--- STORED DATA Enclosed Below ---

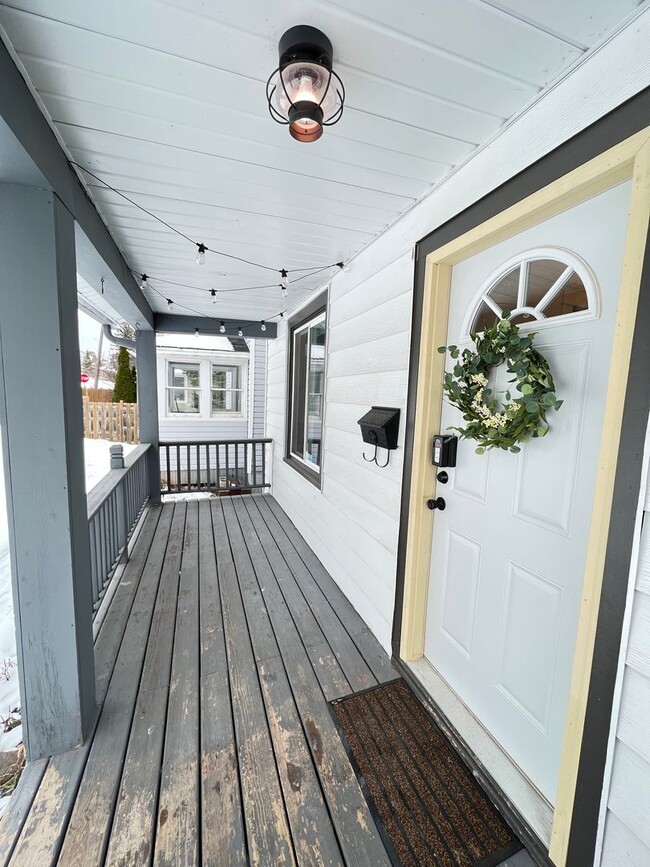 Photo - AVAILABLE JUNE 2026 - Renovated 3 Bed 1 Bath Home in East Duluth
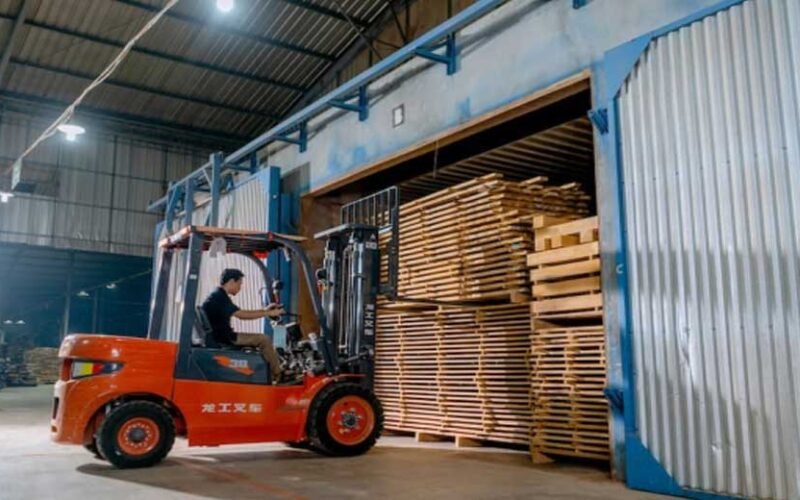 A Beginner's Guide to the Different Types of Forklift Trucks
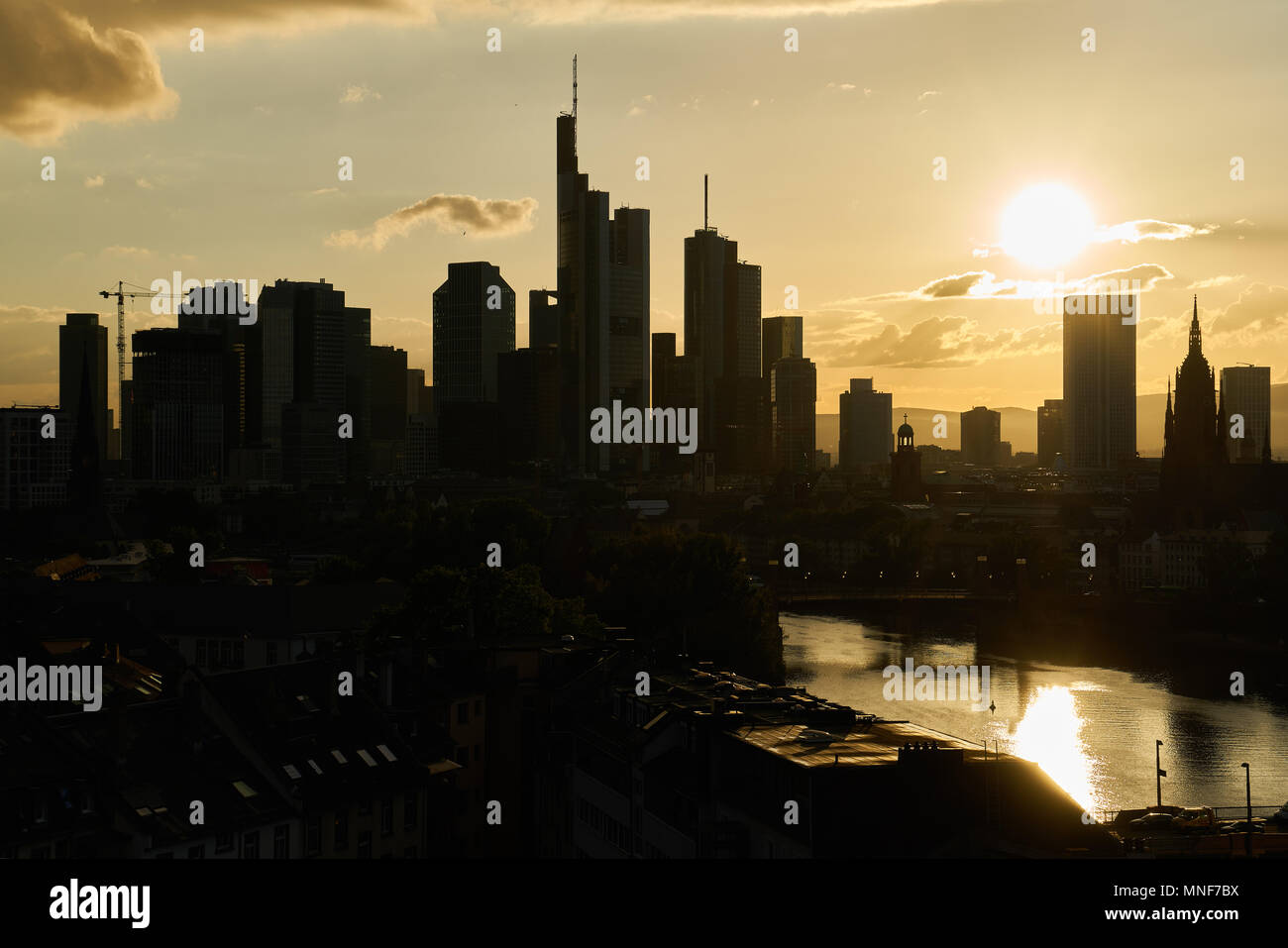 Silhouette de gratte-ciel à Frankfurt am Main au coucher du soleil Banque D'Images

--- End of Enclosed STORED DATA ---

INSTRUCTIONS TO FOLLOW – Your reply should hold exactly the lines from the line containing "A Beginner's Guide" through the final line of the listing, and none of the pictures.

TASK OUTPUT –
 A Beginner's Guide to the Different Types of Forklift Trucks
 Silhouette de gratte-ciel à Frankfurt am Main au coucher du soleil Banque D'Images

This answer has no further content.